Zwischen 2015 und 2019, einer Periode wachsender Staatseinnahmen, erhöhten sich die Ausgaben für konsumtive Zwecke im Verhältnis zu den investiven Ausgaben um das Dreifache.
Dies wirft ein kritisches Licht auf die aktuellen Forderungen nach einer Lockerung der Schuldenregeln.
Risiken einer gelockerten Schuldenbremse
Der Bericht des ZEW wirft die Frage auf, ob eine Lockerung der Schuldenbremse tatsächlich den gewünschten Effekt hätte.
Friedrich Heinemann, Leiter der ZEW-Abteilung für Unternehmensbesteuerung und öffentliche Finanzwirtschaft, und Co-Autor Paul Stegner betonen, dass zusätzliche finanzielle Mittel in der Vergangenheit nicht zwingend in Investitionen geflossen sind.
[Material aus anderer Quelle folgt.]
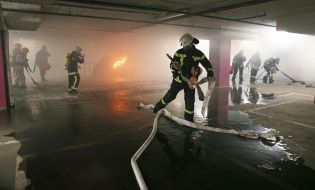 Fire extinguishing at the parking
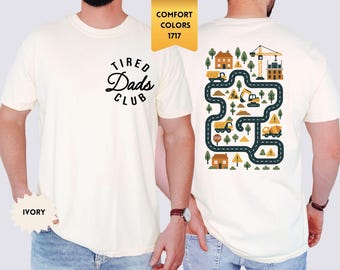 Comfort Colors® Müde Dads Club Shirt, Konstruktion Papa Shirt, Rennbahn Tshirt, Vaterschaft T-Shirt
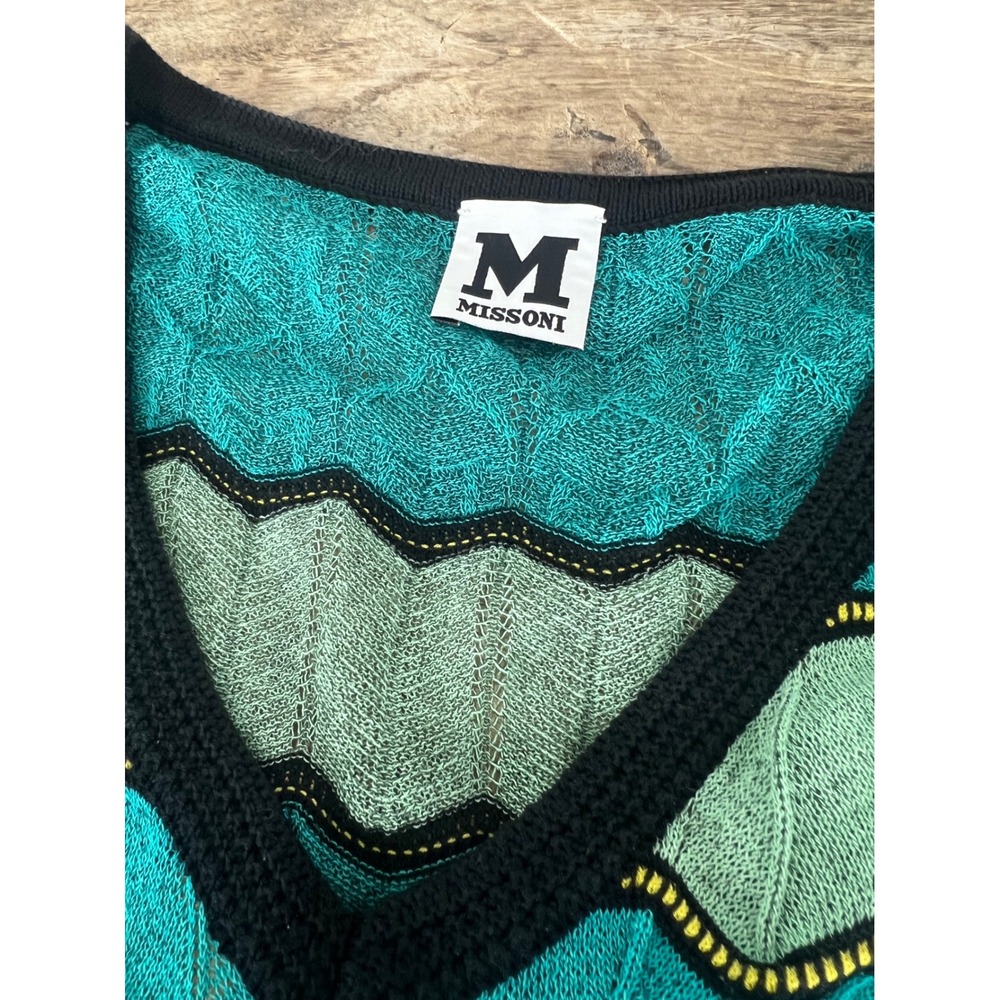 M Missoni Teal Green Black Zigzag Knit V-Neck Sleeveless Midi Dress IT 40 - Picture 6 of 8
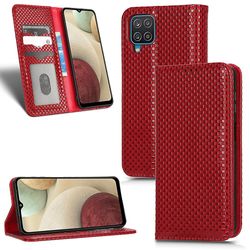 Kompatibel med Samsung Galaxy A12 / M12 Premium Pu Leather Flip folio-deksel med kortspor magnetisk lukkingsdeksel Claret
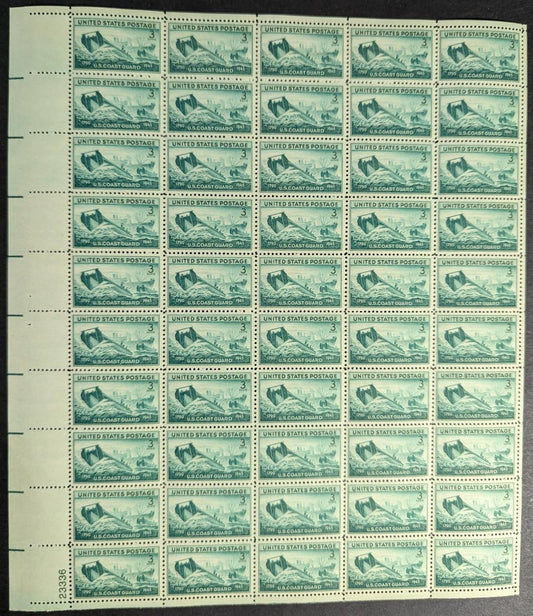 1945 USA US Coast Guard 3c Sheet -Scott 936 -MNH, Undisturbed OG -No Sig Flaws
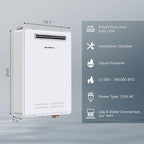 CAMPLUX Climatech 5 Tankless Water Heater Propane Outdoor 6.86 GPM, 199,000 BTU On Demand Instant Tankless Hot Water Heater Propane for Whole House, Outdoor Installation, IPX4 Waterproof, WA686M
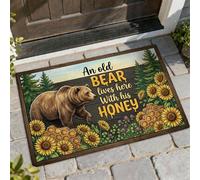 Bear Welcome - Tapete para puerta de bienvenida, diseño rústico de girasol, color café de verano, antideslizante, para entrada de suciedad, decoración al aire última intervensión, para puerta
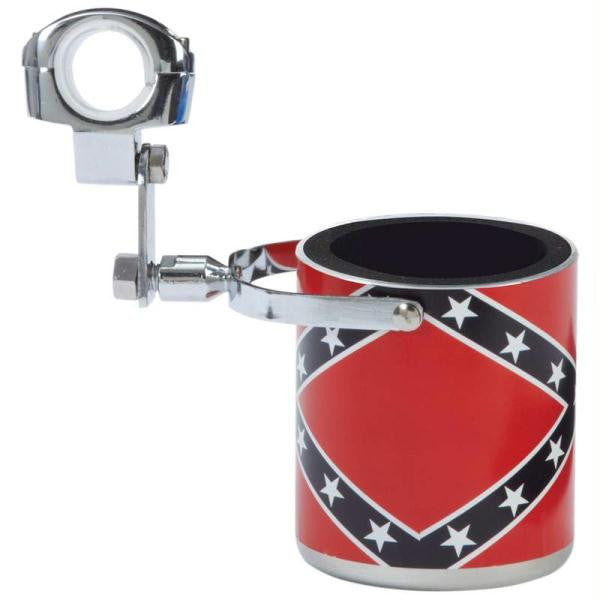 Diamond Plate Stainless Steel Rebel Flag Motorcycle Cup Holder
Dies könnte ein Indikator dafür sein, dass auch zukünftig mehr Mittel nicht automatisch in den Aufbau zukunftsfähiger Infrastruktur investiert würden.
Die Zukunft der deutschen Fiskalpolitik
Diese Erkenntnisse kommen zu einem Zeitpunkt, an dem Deutschland über die zukünftige Richtung seiner Fiskalpolitik entscheidet.
Die Schuldenbremse, die 2009 während der Finanzkrise eingeführt wurde, soll die Staatsverschuldung begrenzen und das Vertrauen in die finanzielle Stabilität des Landes stärken.
Ihre mögliche Lockerung ist ein heißes Eisen in der politischen Diskussion, das weitreichende Implikationen für die deutsche Wirtschaft und Gesellschaft hätte.
Vorschläge für eine reformierte Schuldenpolitik
Experten und Wirtschaftswissenschaftler fordern eine differenzierte Betrachtung der Situation. Einige plädieren für eine Investitionsregel, die es erlaubt, neue Schulden ausschließlich für kapitalbildende Maßnahmen aufzunehmen, um eine nachhaltige und zukunftsorientierte Haushaltsführung sicherzustellen.
Andere warnen davor, die Schuldenbremse zu lockern, ohne Mechanismen zu implementieren, die sicherstellen, dass zusätzliche Mittel tatsächlich in nachhaltige Projekte fließen.